Available records Block Start

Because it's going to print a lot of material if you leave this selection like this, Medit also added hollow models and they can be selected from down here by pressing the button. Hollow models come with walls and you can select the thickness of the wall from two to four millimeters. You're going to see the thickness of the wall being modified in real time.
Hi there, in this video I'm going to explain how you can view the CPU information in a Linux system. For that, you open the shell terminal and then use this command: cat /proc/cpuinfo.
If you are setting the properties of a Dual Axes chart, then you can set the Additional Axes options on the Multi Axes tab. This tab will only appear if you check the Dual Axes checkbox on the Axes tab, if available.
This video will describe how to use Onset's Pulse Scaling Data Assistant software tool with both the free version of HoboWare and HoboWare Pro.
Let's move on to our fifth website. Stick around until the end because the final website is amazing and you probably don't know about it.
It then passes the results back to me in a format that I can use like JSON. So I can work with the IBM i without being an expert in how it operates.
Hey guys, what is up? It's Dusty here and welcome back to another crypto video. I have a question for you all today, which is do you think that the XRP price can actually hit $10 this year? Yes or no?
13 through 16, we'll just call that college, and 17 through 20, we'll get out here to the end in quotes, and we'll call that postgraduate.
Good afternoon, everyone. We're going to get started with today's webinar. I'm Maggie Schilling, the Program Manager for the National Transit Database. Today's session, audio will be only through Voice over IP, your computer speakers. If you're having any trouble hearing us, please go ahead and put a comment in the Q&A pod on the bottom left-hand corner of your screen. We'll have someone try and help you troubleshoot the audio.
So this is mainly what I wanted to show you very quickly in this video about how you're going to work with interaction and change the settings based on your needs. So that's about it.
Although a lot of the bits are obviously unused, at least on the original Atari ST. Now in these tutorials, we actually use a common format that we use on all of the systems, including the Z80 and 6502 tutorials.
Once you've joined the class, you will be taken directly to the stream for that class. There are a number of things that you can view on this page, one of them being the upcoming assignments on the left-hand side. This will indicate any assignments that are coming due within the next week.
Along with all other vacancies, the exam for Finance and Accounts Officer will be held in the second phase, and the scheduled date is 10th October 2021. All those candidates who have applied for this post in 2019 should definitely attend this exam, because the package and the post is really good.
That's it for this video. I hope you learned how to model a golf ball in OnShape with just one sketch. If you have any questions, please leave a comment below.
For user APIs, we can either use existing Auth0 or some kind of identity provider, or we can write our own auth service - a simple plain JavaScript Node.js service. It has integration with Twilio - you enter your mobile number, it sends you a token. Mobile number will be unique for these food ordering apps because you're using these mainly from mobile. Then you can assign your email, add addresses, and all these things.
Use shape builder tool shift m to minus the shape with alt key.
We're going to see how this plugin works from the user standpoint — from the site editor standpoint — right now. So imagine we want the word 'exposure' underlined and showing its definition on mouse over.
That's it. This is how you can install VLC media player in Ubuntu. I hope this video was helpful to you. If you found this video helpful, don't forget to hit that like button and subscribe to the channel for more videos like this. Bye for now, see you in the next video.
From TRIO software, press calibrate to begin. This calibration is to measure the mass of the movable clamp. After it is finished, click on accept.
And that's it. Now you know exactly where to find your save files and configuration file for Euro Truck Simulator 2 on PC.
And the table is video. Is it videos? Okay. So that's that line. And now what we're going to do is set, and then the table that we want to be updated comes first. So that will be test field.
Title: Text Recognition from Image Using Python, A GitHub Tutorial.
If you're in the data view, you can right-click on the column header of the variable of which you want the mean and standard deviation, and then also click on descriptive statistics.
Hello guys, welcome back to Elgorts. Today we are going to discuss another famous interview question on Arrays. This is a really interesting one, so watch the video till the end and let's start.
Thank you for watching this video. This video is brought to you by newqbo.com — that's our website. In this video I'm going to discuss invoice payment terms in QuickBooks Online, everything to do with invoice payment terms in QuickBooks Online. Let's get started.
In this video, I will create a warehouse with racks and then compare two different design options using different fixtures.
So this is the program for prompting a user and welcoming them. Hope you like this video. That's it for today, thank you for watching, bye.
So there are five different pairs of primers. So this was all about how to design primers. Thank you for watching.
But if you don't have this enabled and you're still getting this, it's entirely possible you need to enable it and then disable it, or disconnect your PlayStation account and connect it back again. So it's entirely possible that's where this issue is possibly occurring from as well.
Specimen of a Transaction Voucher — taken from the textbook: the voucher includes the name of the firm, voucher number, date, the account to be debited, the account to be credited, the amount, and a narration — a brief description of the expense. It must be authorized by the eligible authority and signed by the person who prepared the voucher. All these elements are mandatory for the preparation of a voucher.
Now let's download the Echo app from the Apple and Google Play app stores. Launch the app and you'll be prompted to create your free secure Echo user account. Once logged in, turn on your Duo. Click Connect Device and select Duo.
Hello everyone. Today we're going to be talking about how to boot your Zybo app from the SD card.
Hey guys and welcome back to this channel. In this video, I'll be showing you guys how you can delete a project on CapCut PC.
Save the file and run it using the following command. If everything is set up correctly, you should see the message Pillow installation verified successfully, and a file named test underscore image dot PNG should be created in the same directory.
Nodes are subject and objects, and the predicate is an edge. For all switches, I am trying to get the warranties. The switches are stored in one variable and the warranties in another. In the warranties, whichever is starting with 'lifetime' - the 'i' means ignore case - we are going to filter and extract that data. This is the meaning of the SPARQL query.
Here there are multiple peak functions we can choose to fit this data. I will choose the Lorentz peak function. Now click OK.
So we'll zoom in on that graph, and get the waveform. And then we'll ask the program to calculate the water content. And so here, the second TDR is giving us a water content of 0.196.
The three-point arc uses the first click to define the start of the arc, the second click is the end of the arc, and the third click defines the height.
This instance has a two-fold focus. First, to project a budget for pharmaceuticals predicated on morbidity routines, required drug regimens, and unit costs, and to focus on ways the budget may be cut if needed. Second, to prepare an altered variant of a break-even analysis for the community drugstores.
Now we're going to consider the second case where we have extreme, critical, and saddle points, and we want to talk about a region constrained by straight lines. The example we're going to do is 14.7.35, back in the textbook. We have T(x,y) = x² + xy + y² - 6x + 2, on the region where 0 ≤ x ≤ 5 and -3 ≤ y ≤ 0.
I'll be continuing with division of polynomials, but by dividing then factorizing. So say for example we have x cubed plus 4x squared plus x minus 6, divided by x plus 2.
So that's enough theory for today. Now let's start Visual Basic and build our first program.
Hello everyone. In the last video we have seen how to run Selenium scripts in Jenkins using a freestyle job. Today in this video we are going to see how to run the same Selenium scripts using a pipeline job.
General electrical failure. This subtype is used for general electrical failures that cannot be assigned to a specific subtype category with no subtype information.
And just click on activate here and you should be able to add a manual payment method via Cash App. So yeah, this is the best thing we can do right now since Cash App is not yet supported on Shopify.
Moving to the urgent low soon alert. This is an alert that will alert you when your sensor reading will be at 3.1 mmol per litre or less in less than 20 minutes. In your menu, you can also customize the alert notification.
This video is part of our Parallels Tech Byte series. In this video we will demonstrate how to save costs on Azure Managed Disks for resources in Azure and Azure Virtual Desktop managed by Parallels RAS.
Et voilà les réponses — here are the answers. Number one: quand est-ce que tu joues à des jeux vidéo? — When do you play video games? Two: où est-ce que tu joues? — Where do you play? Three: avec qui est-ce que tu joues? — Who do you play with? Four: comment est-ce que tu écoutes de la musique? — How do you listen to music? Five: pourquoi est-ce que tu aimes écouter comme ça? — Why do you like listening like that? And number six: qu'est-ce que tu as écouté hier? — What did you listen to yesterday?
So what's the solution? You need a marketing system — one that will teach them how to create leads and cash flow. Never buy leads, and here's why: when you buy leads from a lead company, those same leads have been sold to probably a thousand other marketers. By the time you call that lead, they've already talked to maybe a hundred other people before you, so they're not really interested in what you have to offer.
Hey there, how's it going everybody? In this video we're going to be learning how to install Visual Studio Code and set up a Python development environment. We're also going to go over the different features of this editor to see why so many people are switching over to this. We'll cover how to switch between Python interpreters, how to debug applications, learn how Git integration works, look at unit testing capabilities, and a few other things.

Available records Block End

Task to complete: Repeat word for word the lines above that run from the line containing "Once you've joined" through the line containing "That's it for this", both ends included, and nothing else.

Task output:
Once you've joined the class, you will be taken directly to the stream for that class. There are a number of things that you can view on this page, one of them being the upcoming assignments on the left-hand side. This will indicate any assignments that are coming due within the next week.
Along with all other vacancies, the exam for Finance and Accounts Officer will be held in the second phase, and the scheduled date is 10th October 2021. All those candidates who have applied for this post in 2019 should definitely attend this exam, because the package and the post is really good.
That's it for this video. I hope you learned how to model a golf ball in OnShape with just one sketch. If you have any questions, please leave a comment below.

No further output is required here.